## Task brief
Please give back the listing exactly, without any of its pictures.

## Supplied information
# # # # #

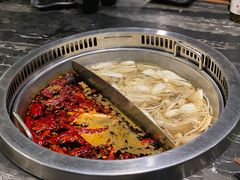 野生菌鸳鸯-小王少龙火锅(沙南街店)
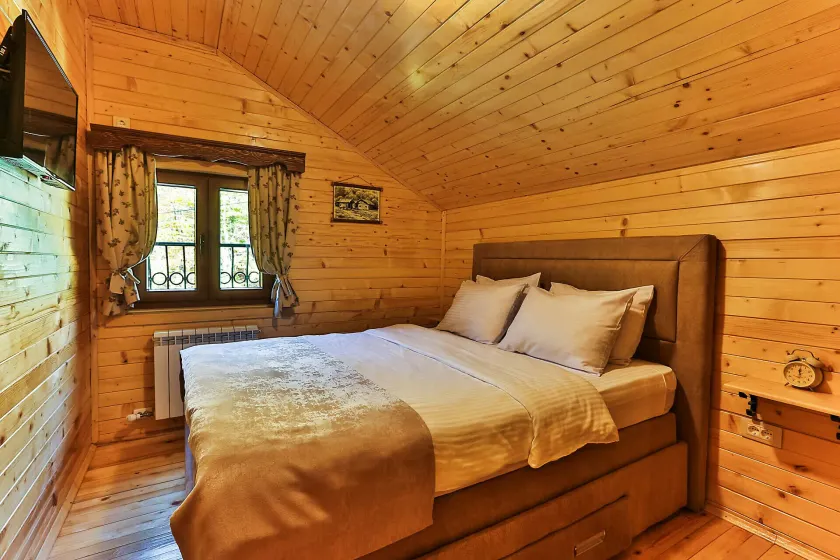 Garni Hotel Elite Resort - Room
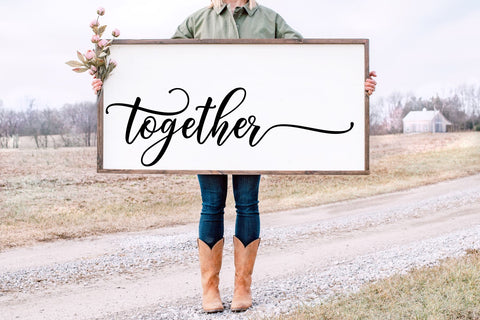 Farmhouse sign Bundle , home sign bundle, 24 Designs SVG Chamsae Studio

# # # # #

## Expected answer
 野生菌鸳鸯-小王少龙火锅(沙南街店)
 Garni Hotel Elite Resort - Room
 Farmhouse sign Bundle , home sign bundle, 24 Designs SVG Chamsae Studio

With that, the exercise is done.